Output the entries as they appear, skipping images.

Start of EXTRACTED DATA

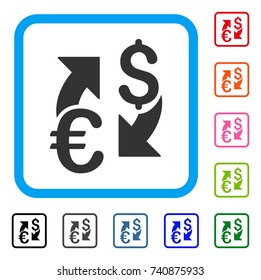 Euro Dollar Exchange icon. Flat grey iconic symbol inside a light blue rounded rectangle. Black, gray, green, blue, red, orange color additional versions of Euro Dollar Exchange vector.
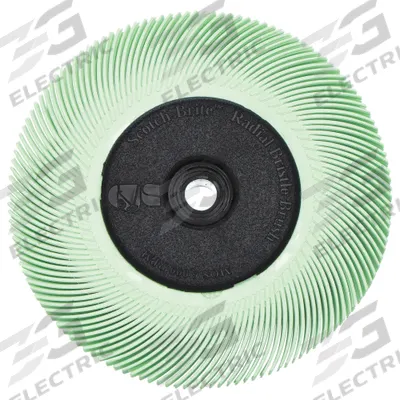 SCOTCH-BRITE Radial Bristle Brush: Type C, 6 in Dia x 7/16 in Wd, 1 in Arbor, Ceramic - Finishing Radial Bristle Brushes for All Metals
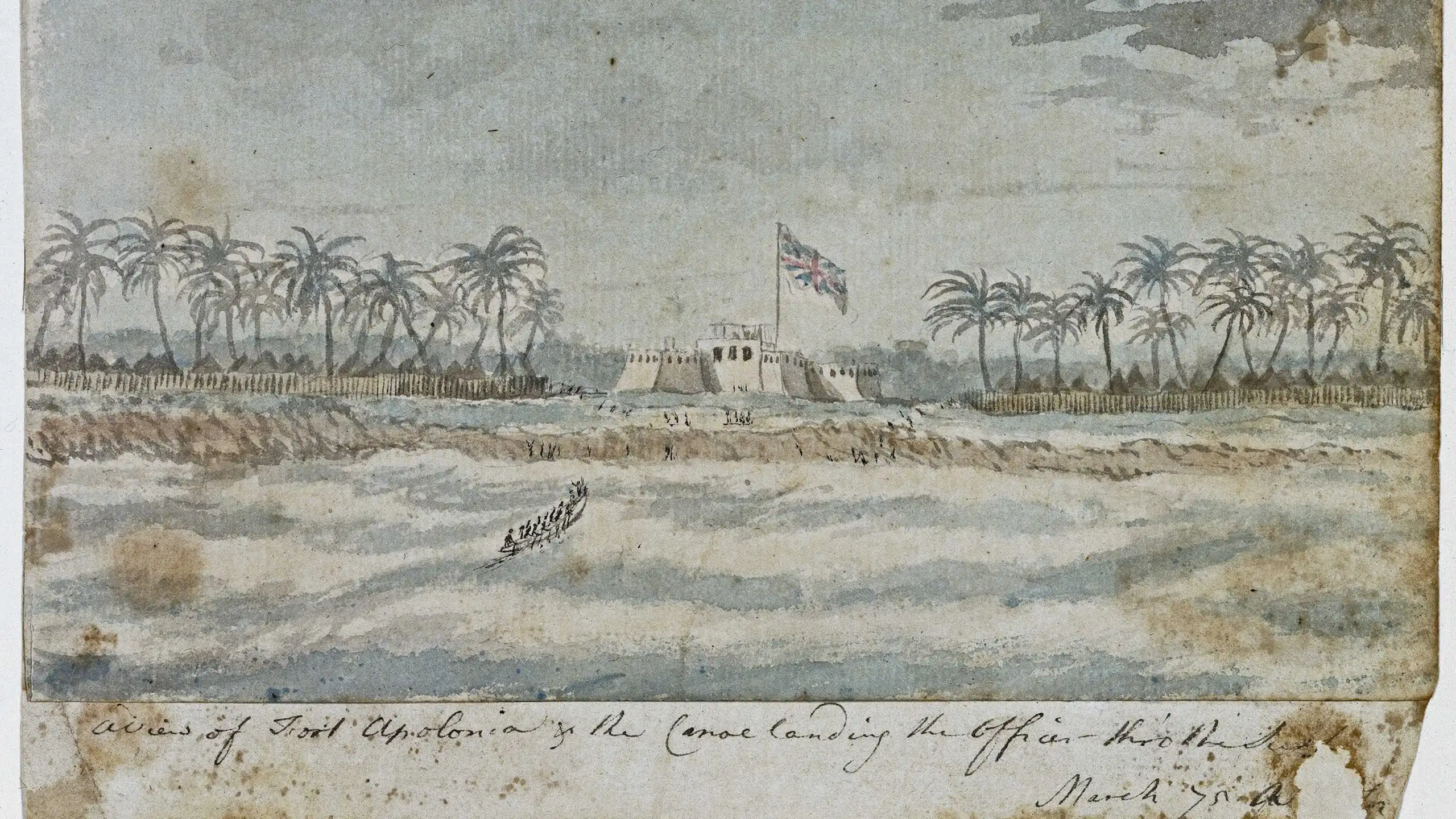An old illustration of a boat approaching a fort from across the water.
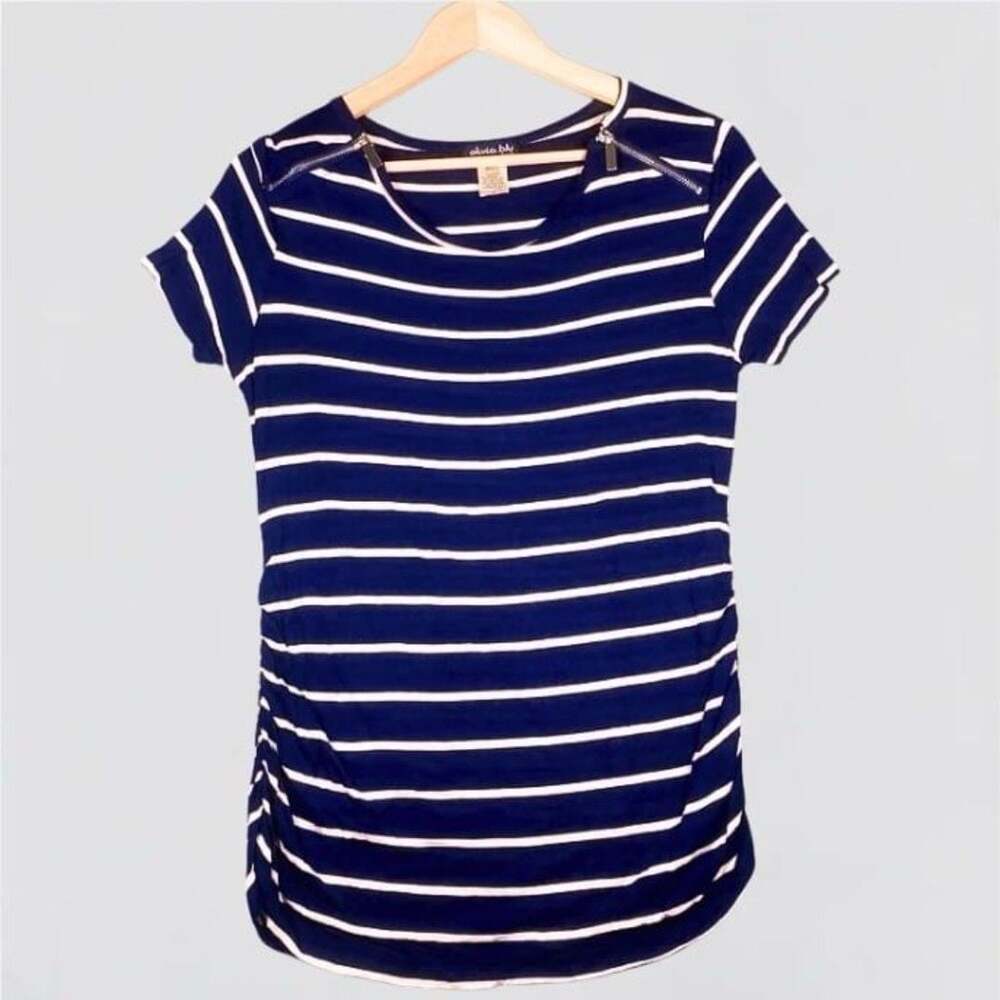 Olivia Blu Maternity Navy Blue and White Striped Short Sleeve Shirt Size M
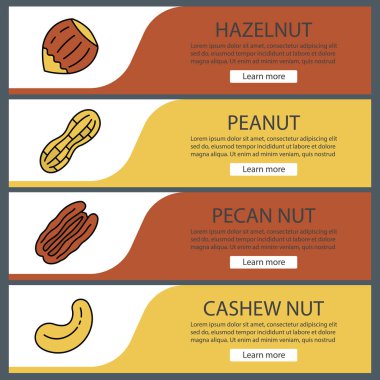 Fındık türleri glif Icons set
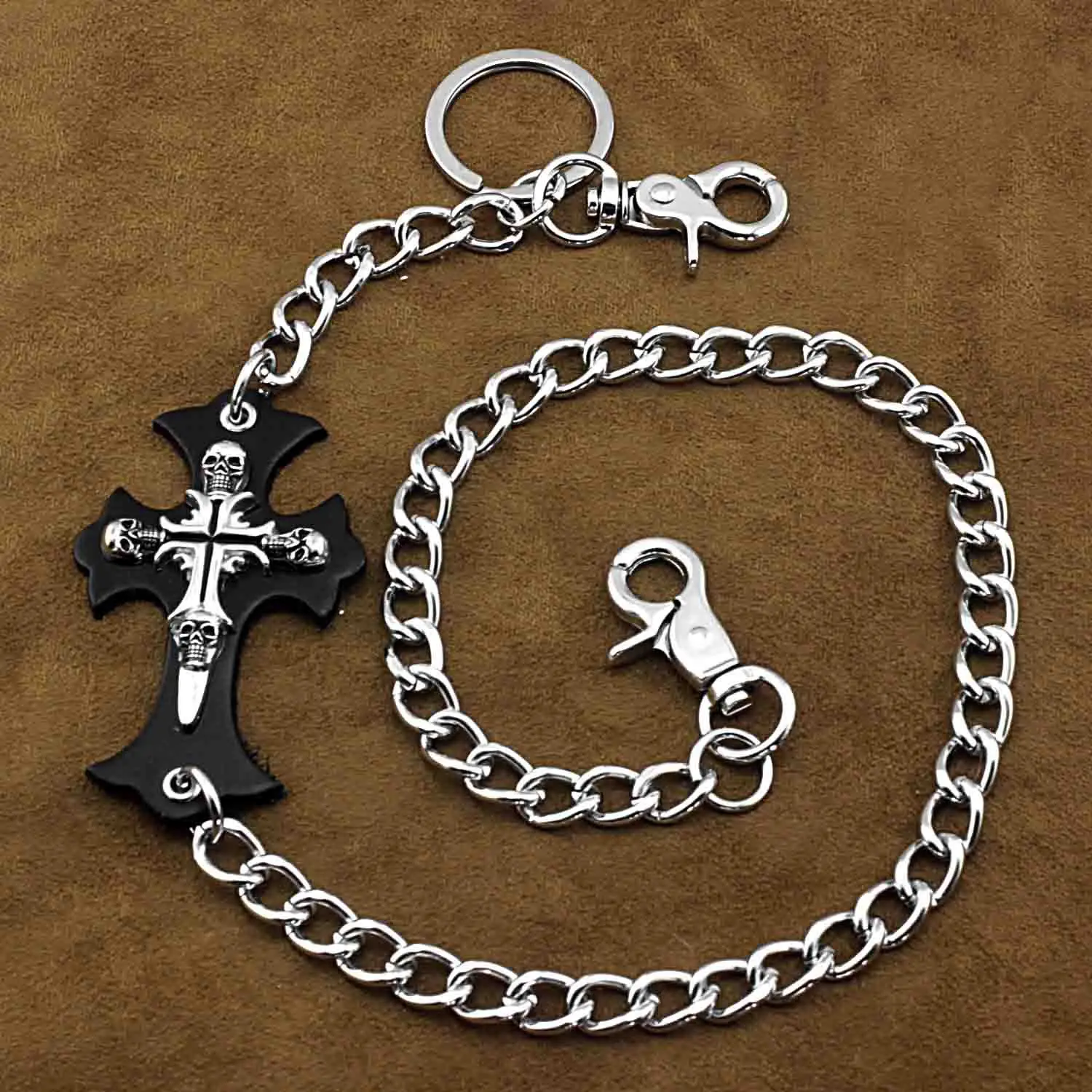 Fashion Punk Hip-hop Trendy leather Belts Waist Chain Male Pants Men women Jeans Silver Metal Clothing Accessories WZ04 | Украшения и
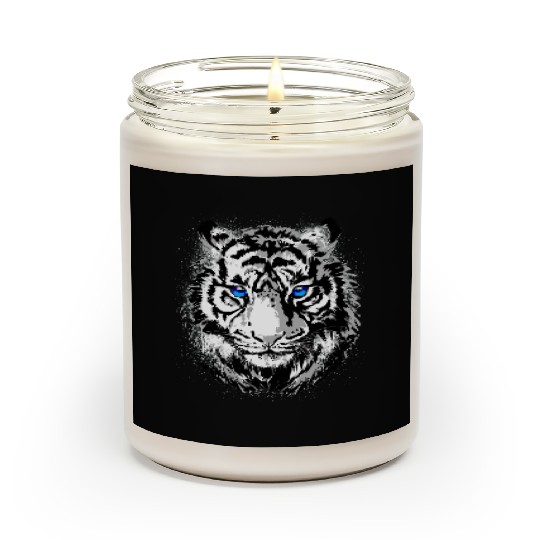 White Tiger Head Portrait - Wildlife Big Cats Scented Candles
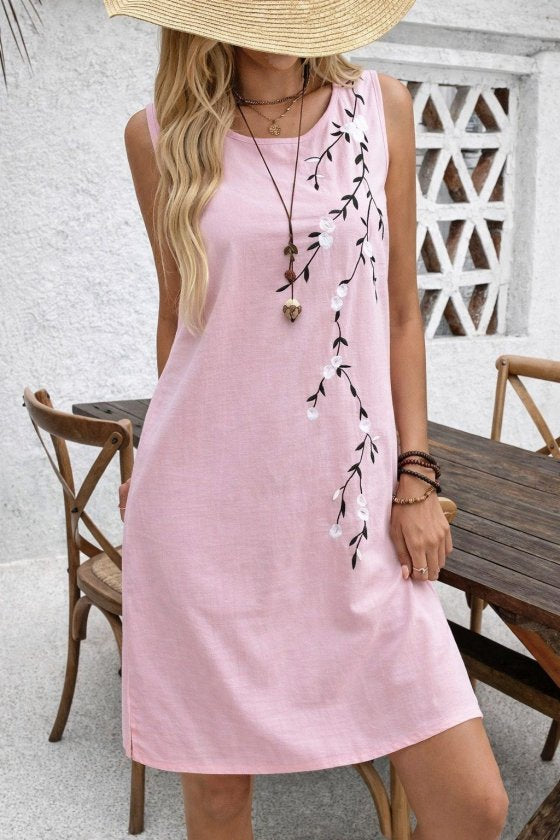 Women's Strappy Round Neck Floral Print Short Dress, 32754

End of EXTRACTED DATA

→ **RESULT OF THE TASK**
 Euro Dollar Exchange icon. Flat grey iconic symbol inside a light blue rounded rectangle. Black, gray, green, blue, red, orange color additional versions of Euro Dollar Exchange vector.
 SCOTCH-BRITE Radial Bristle Brush: Type C, 6 in Dia x 7/16 in Wd, 1 in Arbor, Ceramic - Finishing Radial Bristle Brushes for All Metals
An old illustration of a boat approaching a fort from across the water.
 Olivia Blu Maternity Navy Blue and White Striped Short Sleeve Shirt Size M
 Fındık türleri glif Icons set
 Fashion Punk Hip-hop Trendy leather Belts Waist Chain Male Pants Men women Jeans Silver Metal Clothing Accessories WZ04 | Украшения и
 White Tiger Head Portrait - Wildlife Big Cats Scented Candles
 Women's Strappy Round Neck Floral Print Short Dress, 32754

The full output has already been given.